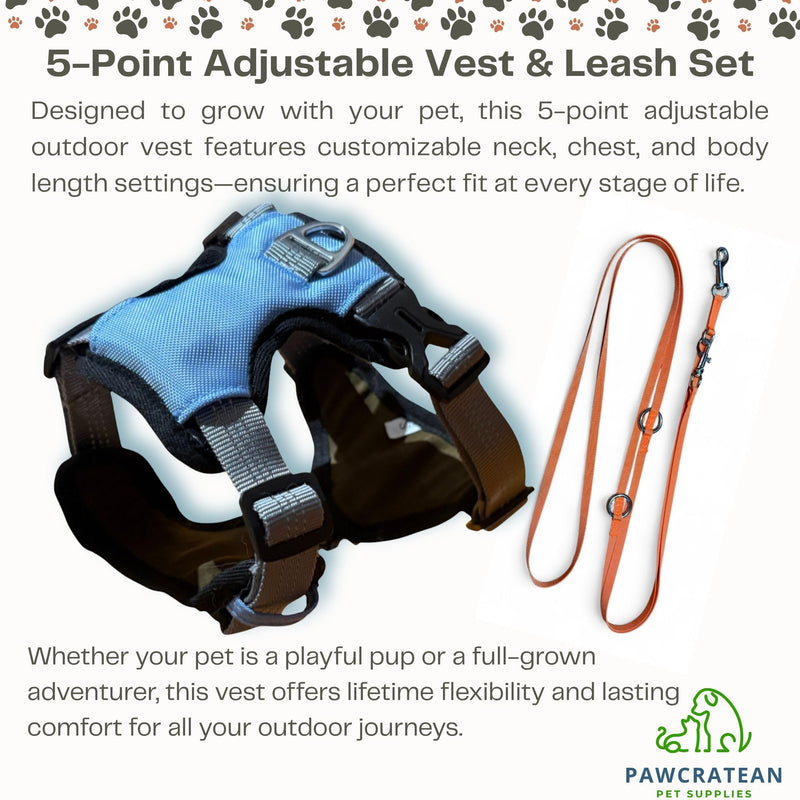 Cat 5-Point Adjustable Harness and Leash Set, Sky Blue Polyester, 5-Point Adjustable Vest with Reflective Lines Prefect for Outdoor Soft Comfortable (Medium) Medium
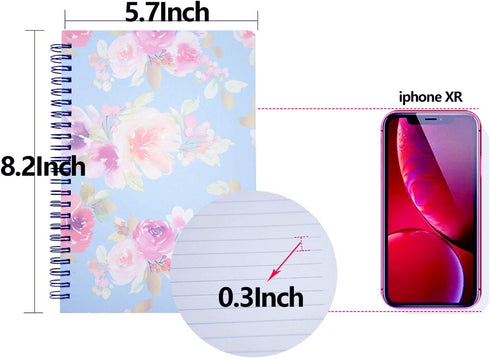 Yansanido Spiral Notebook, 4 Pcs A5 Thick Flower Design, Hardcover, 8mm Ruled, 80 Sheets - 160 Pages for Study
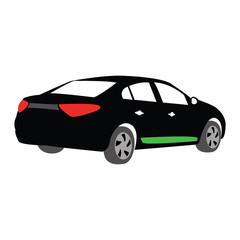 Electric car vector silhouette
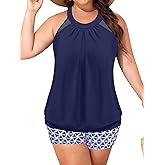 Women Plus Size Tankini Swimsuits with Shorts Tummy Control Two Piece Blouson Bathing Suits High Neck Swimwear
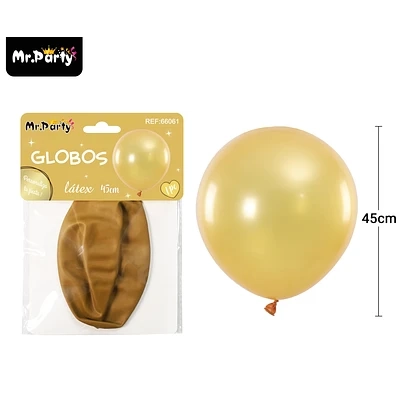 GLOBOS DE LATEX PERLADO DORADO 45CM - 1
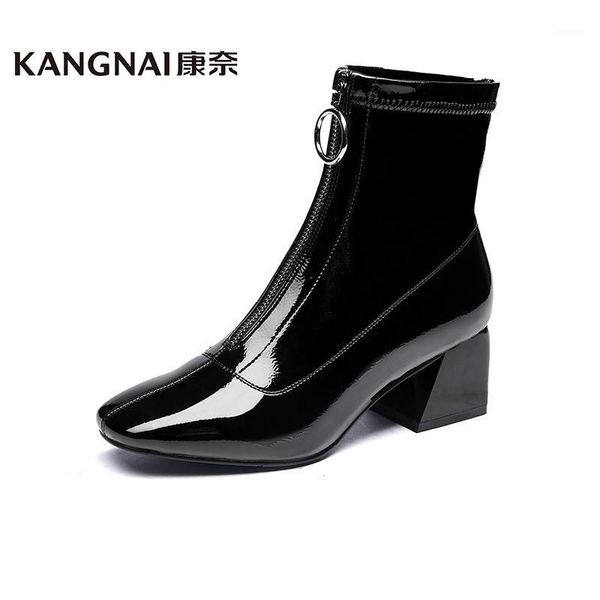 

kangnai women boots pumps socks boots square toe pu high heels black ankle fashion ladies autumn winter shoes1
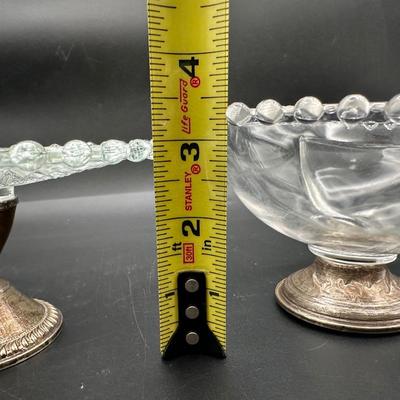 Set of 3 Sterling-Based Glass Compotes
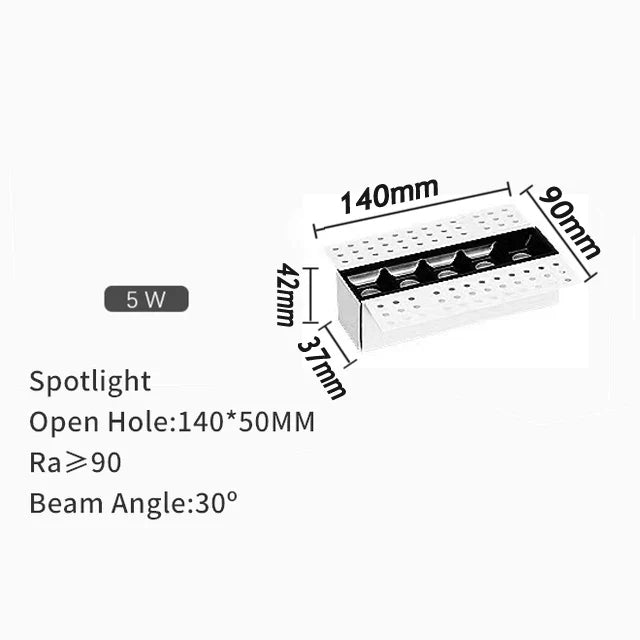 LED spot built-in magnetic modern linear lighting inside - 5Heads spotlight / 4000k Natural White / Dimmable
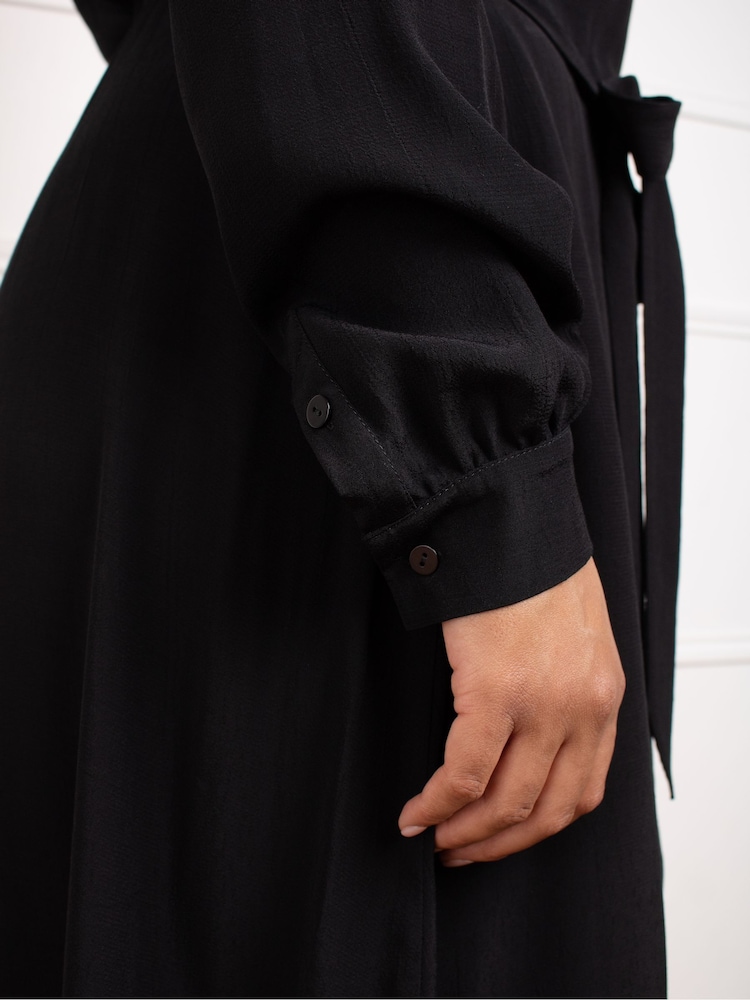 Live Unlimited Black Animal Print Button Through Shirt Dress - Image 3 of 3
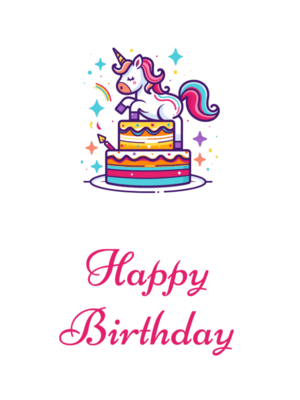 Printable Unicorn & Cake Birthday Card for Kids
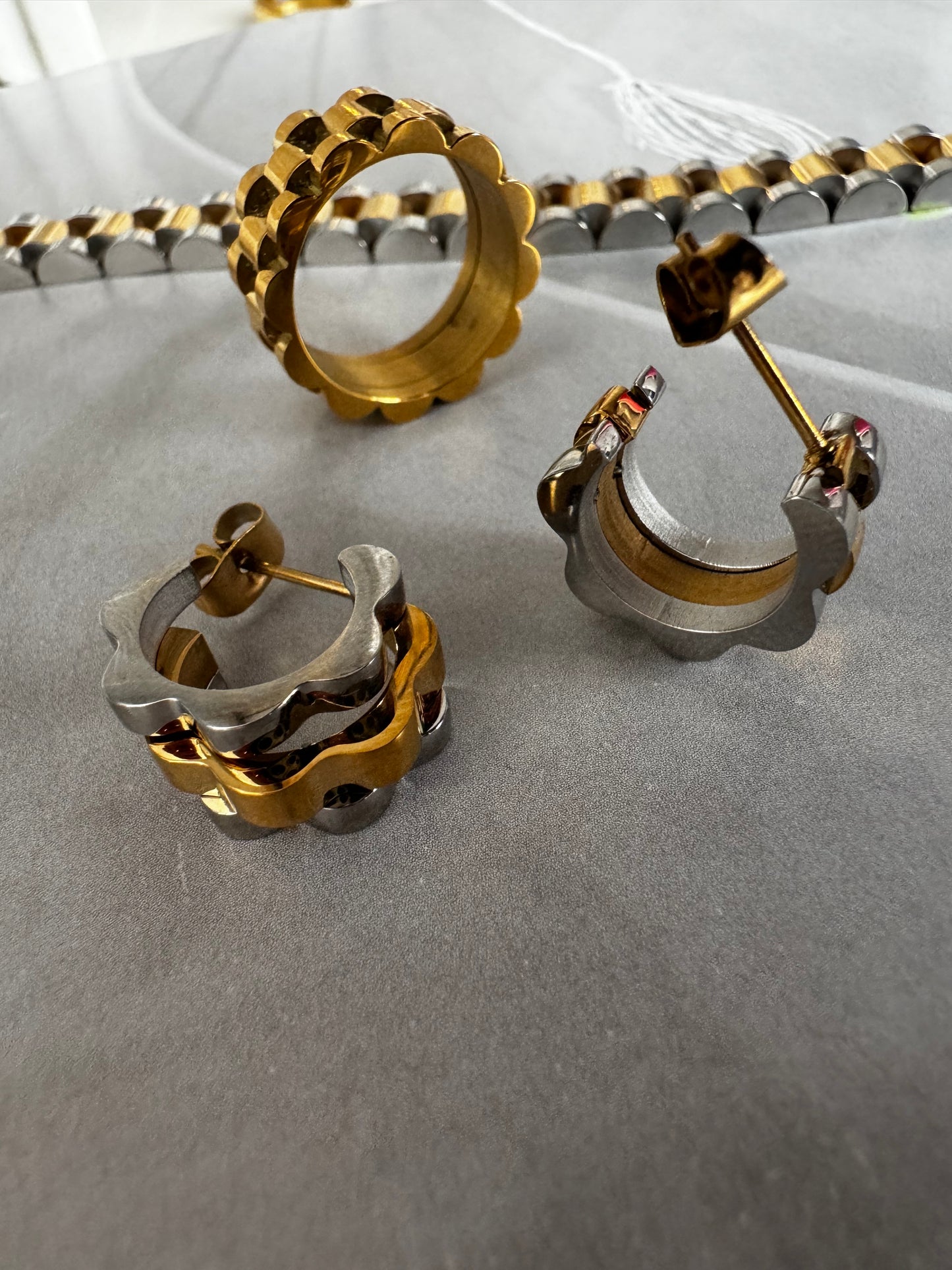 Rolex Mixed Metal Earrings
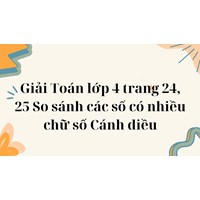 Giải Toán lớp 4 trang 24, 25 So sánh các số có nhiều chữ số Cánh diều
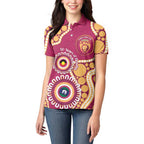 Brisbane Lions NAIDOC 2026 Personalised Women Polo Shirt 50 Years of Deadly Aboriginal Art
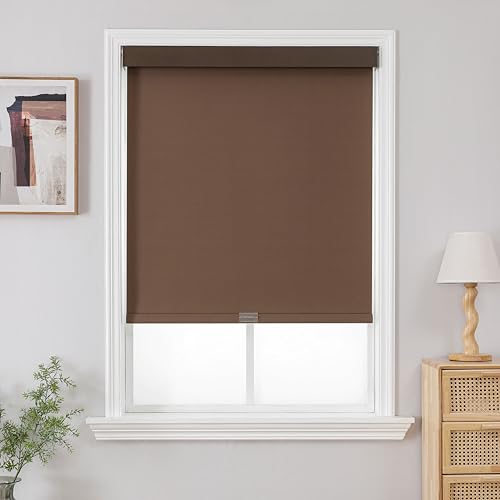 Joydeco 100% Blackout Roller Shades (Pro), Free-Stop Cordless Blinds for Windows, UV Protection, Natural Woven Blinds for Home and Office, Light-Proof Aluminum Cover (22" W x 75" H, Coffee) by Joydeco - Used condition - US$22.18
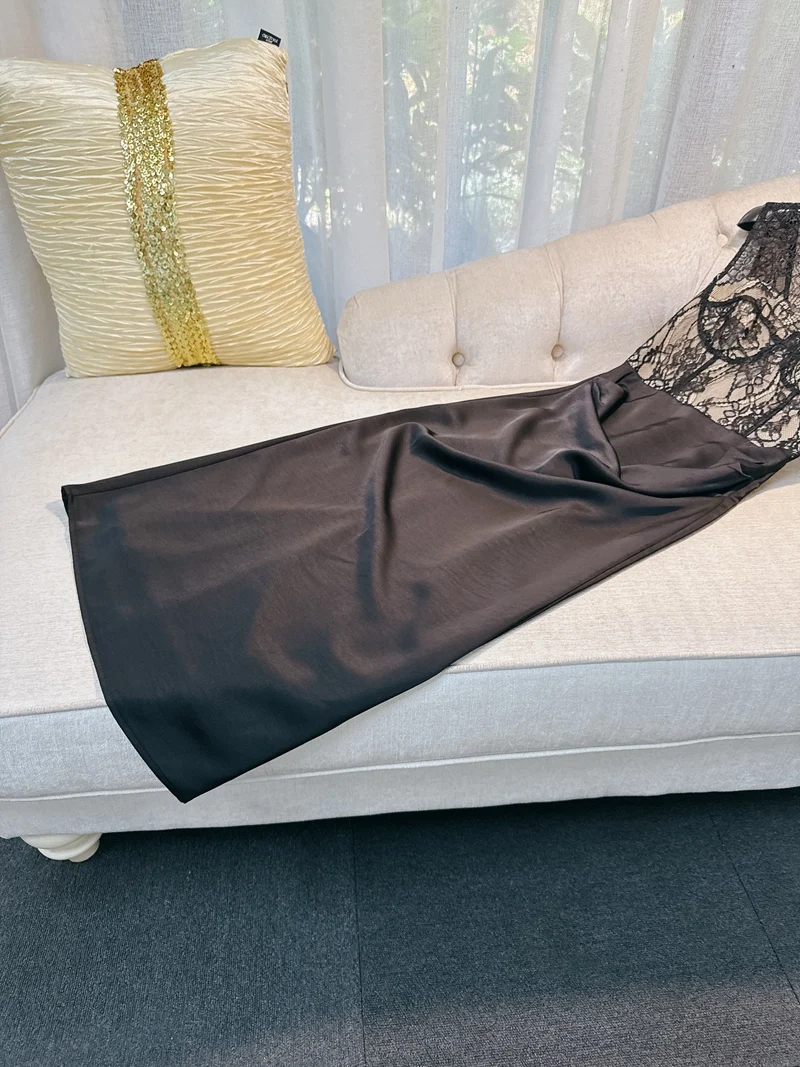  Satin V-ne Strap Dr Sexy Lace Mosaic Allure Sophistiion High-quali Ele Faionable Fem's Dr Skirt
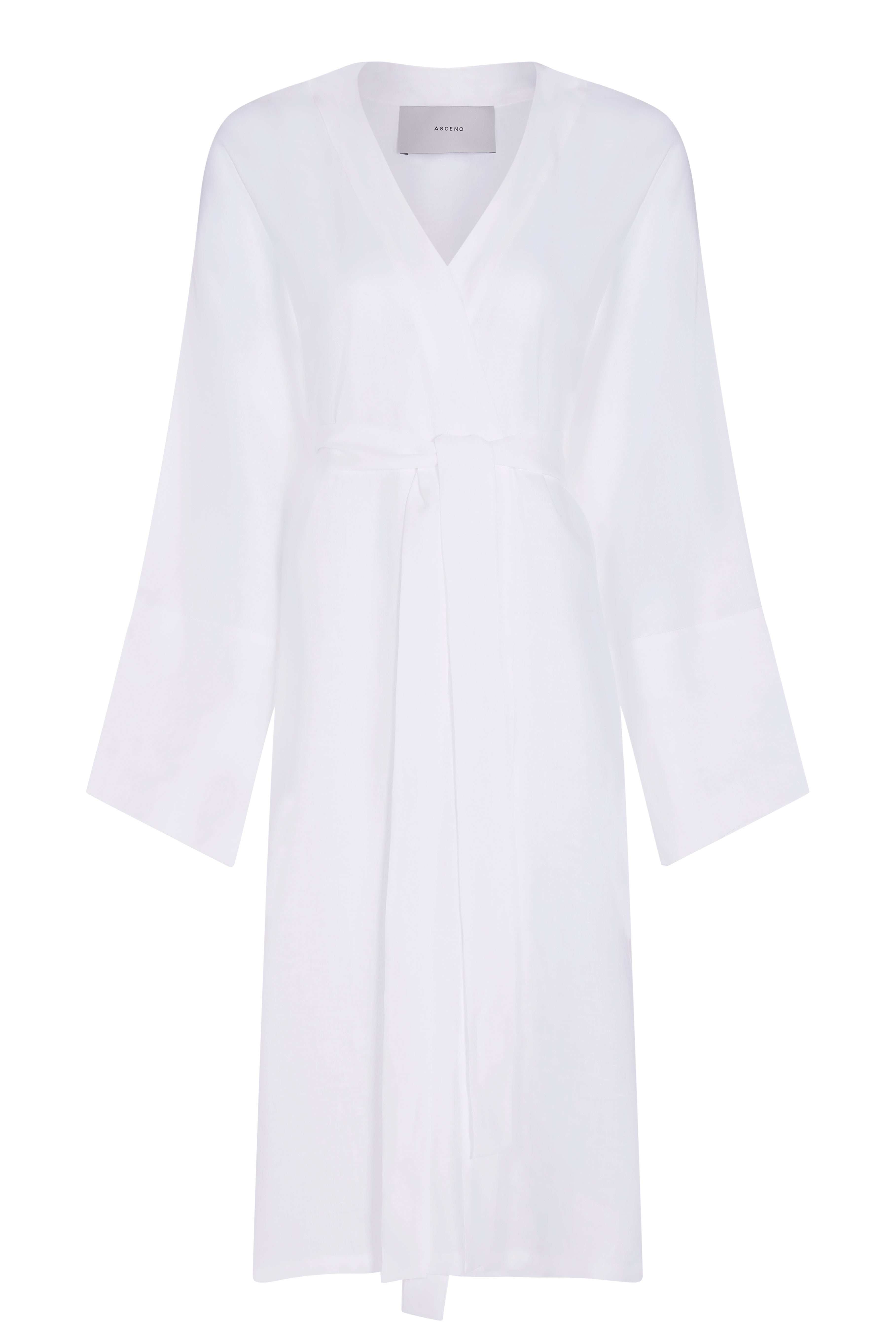 Athens White Linen Robe | White Organic Linen Long Robe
★ ★ ★ ★
## WHAT THE EXERCISE ASKS
What is needed is an exact copy of the lines from the start of the listing above through the line that holds "Joydeco 100% Blackout", with the pictures left out.

## WRITTEN REPLY
 Cat 5-Point Adjustable Harness and Leash Set, Sky Blue Polyester, 5-Point Adjustable Vest with Reflective Lines Prefect for Outdoor Soft Comfortable (Medium) Medium
 Yansanido Spiral Notebook, 4 Pcs A5 Thick Flower Design, Hardcover, 8mm Ruled, 80 Sheets - 160 Pages for Study
 Electric car vector silhouette
 Women Plus Size Tankini Swimsuits with Shorts Tummy Control Two Piece Blouson Bathing Suits High Neck Swimwear
 GLOBOS DE LATEX PERLADO DORADO 45CM - 1

kangnai women boots pumps socks boots square toe pu high heels black ankle fashion ladies autumn winter shoes1
 Set of 3 Sterling-Based Glass Compotes
 LED spot built-in magnetic modern linear lighting inside - 5Heads spotlight / 4000k Natural White / Dimmable
 Live Unlimited Black Animal Print Button Through Shirt Dress - Image 3 of 3
 Printable Unicorn & Cake Birthday Card for Kids
 Rolex Mixed Metal Earrings
 Giải Toán lớp 4 trang 24, 25 So sánh các số có nhiều chữ số Cánh diều
 Brisbane Lions NAIDOC 2026 Personalised Women Polo Shirt 50 Years of Deadly Aboriginal Art
 Joydeco 100% Blackout Roller Shades (Pro), Free-Stop Cordless Blinds for Windows, UV Protection, Natural Woven Blinds for Home and Office, Light-Proof Aluminum Cover (22" W x 75" H, Coffee) by Joydeco - Used condition - US$22.18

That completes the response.